Campeã europeia em título, a selecção portuguesa teve na Rússia uma fase de grupos assim-assim. O futebol que chegou para o Euro 2016 não foi suficiente para o Mundial 2018 e, nos oitavos-de-final, a equipa de Fernando Santos caiu perante o Uruguai (apesar de ter feito nesse dia a melhor exibição na prova). Portugal terminou este Campeonato do Mundo no 13.º lugar, melhor do que a de 2014 (18.º) mas pior do que a de 2010 (11.º). O adeus à Rússia terá significado, também, a despedida para alguns dos internacionais portugueses – Bruno Alves completa 37 anos em Novembro, Beto está com 36, Pepe com 35, a mesma idade que Ricardo Quaresma fará em Setembro e José Fonte em Dezembro. A necessária renovação não pode continuar adiada.

Ainda menos Alemanha

“São 11 contra 11 e no fim ganha a Alemanha”... excepto quando não ganha. Campeã mundial em título, a selecção alemã desiludiu na Rússia e viveu uma humilhante eliminação logo na fase de grupos, saindo em último lugar do grupo. Vai seguir-se uma travessia no deserto e a correspondente reconstrução de uma equipa que era a imagem da fiabilidade. Uma coisa é certa: Joachim Löw vai continuar ao leme da Mannschaft, com confiança reafirmada pela federação alemã de futebol. Conseguirá aproveitar esta segunda vida e reinventar a selecção?

O caminho até casa

Os adeptos empolgados já usavam como hino o refrão de “Three Lions”, a música lançada a propósito da participação de Inglaterra no Euro 1996, organizado pela própria: “It’s coming home, it’s coming home, it’s coming, football’s coming home”, em alusão ao regresso do troféu à pátria que reclama para si os louros pela invenção do futebol.

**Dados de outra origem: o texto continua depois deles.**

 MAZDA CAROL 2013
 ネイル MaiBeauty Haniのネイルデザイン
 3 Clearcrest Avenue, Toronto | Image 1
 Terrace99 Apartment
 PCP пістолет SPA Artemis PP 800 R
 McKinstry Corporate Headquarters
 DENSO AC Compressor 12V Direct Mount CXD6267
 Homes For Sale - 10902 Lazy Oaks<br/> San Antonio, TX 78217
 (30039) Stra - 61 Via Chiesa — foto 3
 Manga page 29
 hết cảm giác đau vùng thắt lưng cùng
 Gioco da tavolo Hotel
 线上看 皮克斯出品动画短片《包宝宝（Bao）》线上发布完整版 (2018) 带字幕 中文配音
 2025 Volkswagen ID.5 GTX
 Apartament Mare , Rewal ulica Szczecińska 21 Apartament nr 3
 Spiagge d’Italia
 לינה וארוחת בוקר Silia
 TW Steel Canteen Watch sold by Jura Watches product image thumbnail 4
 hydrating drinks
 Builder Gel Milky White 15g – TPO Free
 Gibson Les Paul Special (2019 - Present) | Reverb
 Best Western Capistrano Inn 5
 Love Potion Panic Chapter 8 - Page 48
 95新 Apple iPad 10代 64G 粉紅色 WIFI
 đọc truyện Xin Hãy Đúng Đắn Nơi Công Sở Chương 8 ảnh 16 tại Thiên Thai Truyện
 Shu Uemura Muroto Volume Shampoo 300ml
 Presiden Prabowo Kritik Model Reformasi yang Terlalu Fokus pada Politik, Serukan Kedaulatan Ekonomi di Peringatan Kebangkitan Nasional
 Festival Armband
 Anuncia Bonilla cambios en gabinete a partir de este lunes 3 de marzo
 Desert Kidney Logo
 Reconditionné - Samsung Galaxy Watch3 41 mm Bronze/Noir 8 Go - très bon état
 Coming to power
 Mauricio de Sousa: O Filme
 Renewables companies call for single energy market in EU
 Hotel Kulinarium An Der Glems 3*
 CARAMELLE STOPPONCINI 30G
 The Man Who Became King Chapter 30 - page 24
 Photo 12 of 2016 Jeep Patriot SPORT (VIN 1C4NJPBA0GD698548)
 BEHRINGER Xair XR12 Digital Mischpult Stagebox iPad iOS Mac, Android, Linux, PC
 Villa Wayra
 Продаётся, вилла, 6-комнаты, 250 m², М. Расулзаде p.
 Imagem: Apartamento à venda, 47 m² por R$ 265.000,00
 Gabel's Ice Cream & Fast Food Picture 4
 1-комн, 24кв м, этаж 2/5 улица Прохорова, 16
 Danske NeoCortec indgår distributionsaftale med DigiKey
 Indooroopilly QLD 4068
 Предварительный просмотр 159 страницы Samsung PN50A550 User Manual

No Mundial 2018 a Inglaterra voltou a sonhar, livrou-se do espectro da desilusão e até conseguiu contrariar a história e obter o feito de vencer um desempate por grandes penalidades (nos oitavos-de-final, contra a Colômbia). Gareth Southgate parece ser o homem certo no lugar certo, e tem à sua disposição qualidade e juventude a rodos. É uma história a acompanhar com atenção nos próximos anos.